Please let me know when you post your program.
Thanks,
Rajbala Makar
Software Design Engineer
Agilent Technologies
1400 Fountaingrove Parkway
Santa Rosa, CA
Tel: 707 577 4518
Fax: 707 577 5433
-----Original Message-----
From: Seth Vidal [mailto:skvidal@phy.duke.edu]
Sent: Friday, May 31, 2002 12:12 PM
To: 'rpm-list@redhat.com'
Subject: RE: Installing Packages with Proxy
> So how does up2date etc. work? I am writing a program using RPM which will perform remote upgrades. I am relying on RPM's feature to just get the header information from LAN for a package withpout having to download the entire package ... so users can choose which package is needed. So if proxy doesn't work, most of our customers would not be able to do the same. So I have to have a separate program for first downloading the file and then have RPM just install it. That would make it much less efficient. Does anyone have any clues on how to acoomplish this easily?
actually it makes it fairly more efficient.
I'm working on a rewrite of a program called yup that already does what
you're wanting to do.
a program is run on the web server/repository of files. this program
copies the headers from the rpms and stores them individually. Then the
client programs get the headers for all the rpms.
It then uses the downloaded headers to determine what things are
upgraded/obsoleted etc. Then it creates a transactiondict that tells it
what rpms it will need. it downloads them and install them.

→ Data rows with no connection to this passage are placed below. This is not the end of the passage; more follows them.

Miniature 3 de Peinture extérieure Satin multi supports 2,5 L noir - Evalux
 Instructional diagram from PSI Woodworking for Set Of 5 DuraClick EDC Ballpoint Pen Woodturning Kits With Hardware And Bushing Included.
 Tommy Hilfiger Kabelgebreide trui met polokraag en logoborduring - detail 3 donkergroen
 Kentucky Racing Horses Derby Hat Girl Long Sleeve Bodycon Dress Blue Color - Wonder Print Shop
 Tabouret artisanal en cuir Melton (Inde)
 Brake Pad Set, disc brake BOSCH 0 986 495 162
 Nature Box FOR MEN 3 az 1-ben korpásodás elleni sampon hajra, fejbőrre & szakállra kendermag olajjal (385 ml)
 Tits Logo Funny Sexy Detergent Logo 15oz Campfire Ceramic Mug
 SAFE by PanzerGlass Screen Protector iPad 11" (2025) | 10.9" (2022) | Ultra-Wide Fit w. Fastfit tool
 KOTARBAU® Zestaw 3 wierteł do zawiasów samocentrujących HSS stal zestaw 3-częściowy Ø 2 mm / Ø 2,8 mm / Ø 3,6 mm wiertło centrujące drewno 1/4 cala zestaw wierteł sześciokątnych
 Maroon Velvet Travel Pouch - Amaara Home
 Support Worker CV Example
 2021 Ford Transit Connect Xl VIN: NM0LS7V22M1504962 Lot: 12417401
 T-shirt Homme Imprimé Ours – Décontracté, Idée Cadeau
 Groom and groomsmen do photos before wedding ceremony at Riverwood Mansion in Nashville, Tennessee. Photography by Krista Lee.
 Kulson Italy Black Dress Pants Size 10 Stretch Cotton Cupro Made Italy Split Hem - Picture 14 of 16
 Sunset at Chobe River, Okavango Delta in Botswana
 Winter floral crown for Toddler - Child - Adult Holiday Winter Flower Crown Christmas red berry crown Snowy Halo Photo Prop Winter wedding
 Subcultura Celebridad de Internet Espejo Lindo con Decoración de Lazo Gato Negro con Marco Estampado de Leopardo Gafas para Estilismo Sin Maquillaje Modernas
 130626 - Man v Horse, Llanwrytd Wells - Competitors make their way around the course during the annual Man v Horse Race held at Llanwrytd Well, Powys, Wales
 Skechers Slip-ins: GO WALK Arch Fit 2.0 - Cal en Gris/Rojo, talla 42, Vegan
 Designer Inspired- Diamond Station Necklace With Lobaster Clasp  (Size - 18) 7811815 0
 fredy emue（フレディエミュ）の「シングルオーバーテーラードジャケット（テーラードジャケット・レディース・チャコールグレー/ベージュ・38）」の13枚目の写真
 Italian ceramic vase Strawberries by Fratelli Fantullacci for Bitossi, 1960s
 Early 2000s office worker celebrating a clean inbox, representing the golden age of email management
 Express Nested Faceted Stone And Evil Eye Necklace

The advantage of downloading the rpm and THEN performing the
installation/upgrade is that you can 1. create a cache if for any reason
the program dies during its run, 2. you can see what the last state was if
there is an error. 3. it makes it easier to sigcheck the rpms b/c they are
local.
I'll post an early version of my rewrite as soon as I can. It works fairly
well right now but the output is not pretty, yet.